Now this being merciful actually goes in two directions. One is the physical, to be sure. The other is the spiritual. Showing mercy when physical tragedy and suffering strike is easy enough to see. Our neighbor may need clothing and shoes, food and drink, house and home, and so on. So we spill out the innards of mercy to help them.

But mercy is also needed in spiritual matters. What are we to do when young people are not being nurtured and raised to believe in Christ? What are we to do when grown people disregard Jesus coming in His Word and Sacraments? What are we to do with our multitude of neighbors who know nothing of Jesus and His pouring out of His innards of mercy on the cross and through the empty tomb? We weep with those who weep. We identify with them by getting to know them. We speak of Jesus and His works for them. Now and then that may involve confronting our neighbor with his/her sins. And, yes, that is merciful. After all, we don’t want our neighbor to end up separated from God for all eternity. Most of all, we want to carry them on their own coffin-cot of spiritual death to the one Man who can help, the one Man who can say, “Be raised.”

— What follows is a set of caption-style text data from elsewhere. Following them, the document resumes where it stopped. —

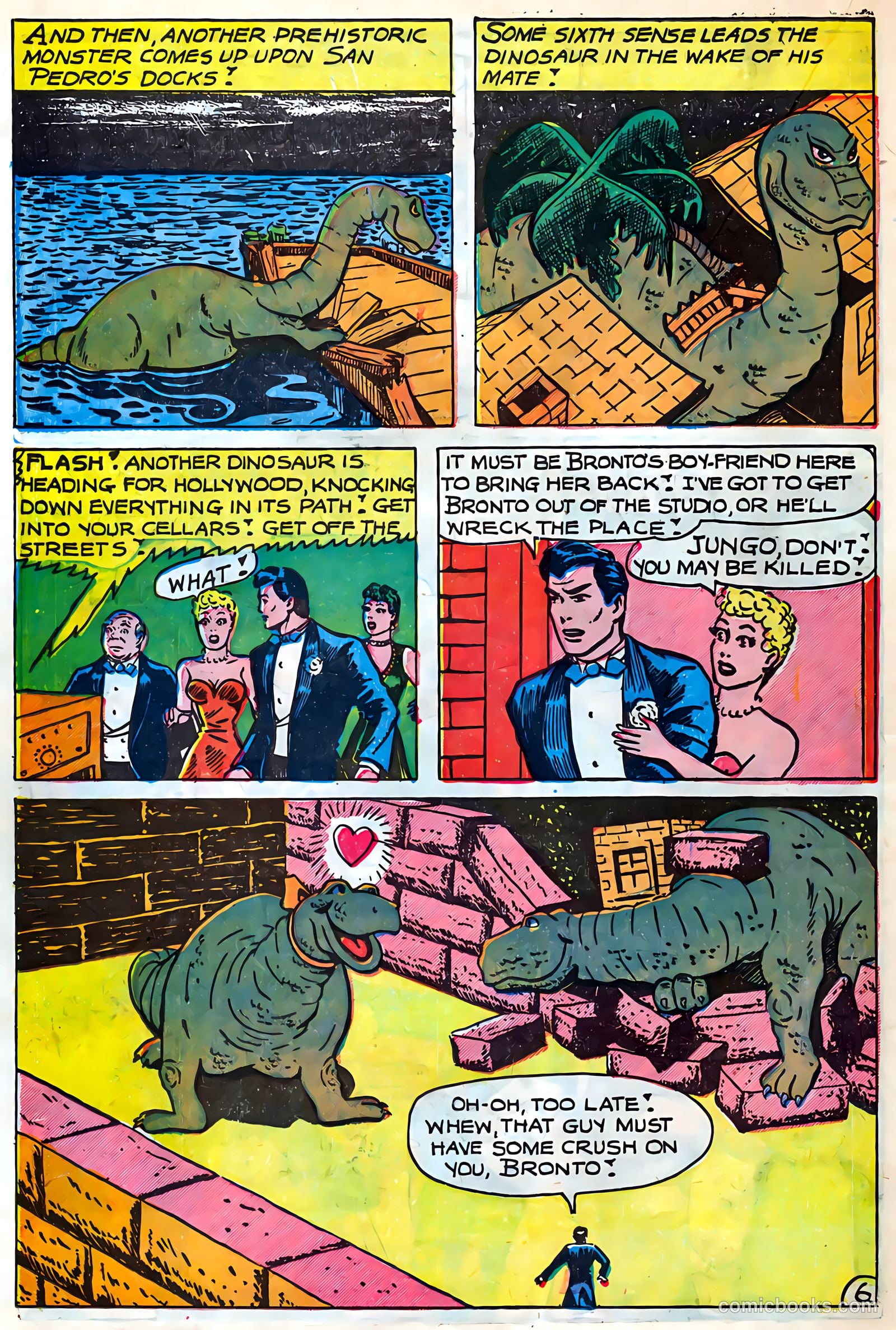 Sparkling Stars #19 (1946) — page 40 of 68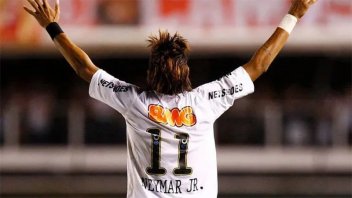 El polémico pedido de Neymar al Santos: no usen el 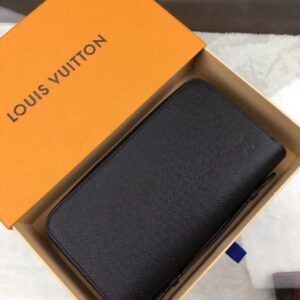 Replica Louis Vuitton Zippy XL Wallet Taiga Leather M42097 BLV1076 2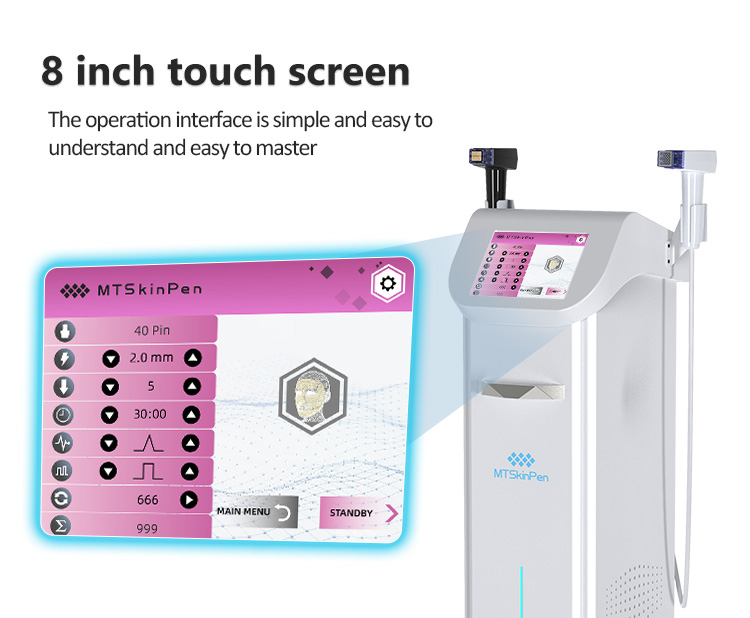 rf microneedling machine fractional06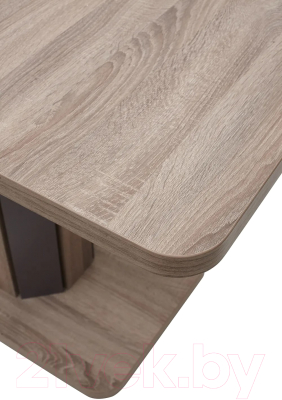 Обеденный стол M-City Stork 120 / DEDSTORKOAKKAN120 (дуб канзас/вольфрам)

So the greatest lesson from today’s Gospel is this: not to despair when things go badly, especially when we face the grave. We have the greatest Prophet—the Savior Himself—who comes to help us and raise us. And the second is like it: that we, like Jesus, identify ourselves with our neighbor in his grief, whether physical or spiritual. May God lead us in pouring out our innards of mercy, just has He has done for us. Amen.